Аннотация научной статьи по истории и археологии, автор научной работы — Meshcheryakov Alexander Nikolaevich

Using the example of the article “The Centenary of the Japanese Revolution” (1968) by the outstanding Japanologist Nikolai Konrad, the author examines his understanding of the “Meiji Revolution”. Holding on, by and large, to the Marxist views on history, Nikolai Konrad turned out to be surprisingly close to “bourgeois” historians in understanding the Meiji Revolution. The “bourgeois” and Soviet historians (including Konrad himself), who were in conflict relations, consistently qualified the Meiji Revolution as a “progressive” (positive) event that introduced Japan to the “world” (i.e., Western and the only one possible) civilization.

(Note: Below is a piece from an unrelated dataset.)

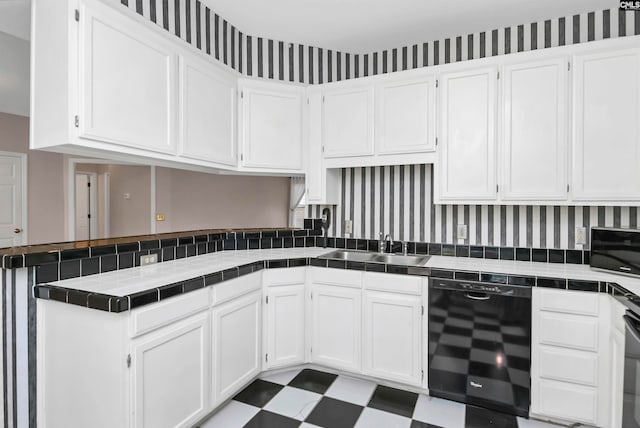 kitchen with dishwasher, tile countertops, and white cabinets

Marxist and “bourgeois” thinkers differed in their assessment of the future (whether or not communism was the highest stage of progress), but their view of the Japanese past showed amazing unanimity. The keenness on the theory of progress was so allembracing that Nikolai Konrad’s assessments of specific historical phenomena of the Tokugawa period demonstrate outright error and bias. None of the “advanced” European countries could boast of such a long-lasting social peace as that which we observe in the Tokugawa period, which, however, did not prevent Konrad (as well as other Western historians) from branding the Tokugawa rule as “reactionary” and “stagnant”.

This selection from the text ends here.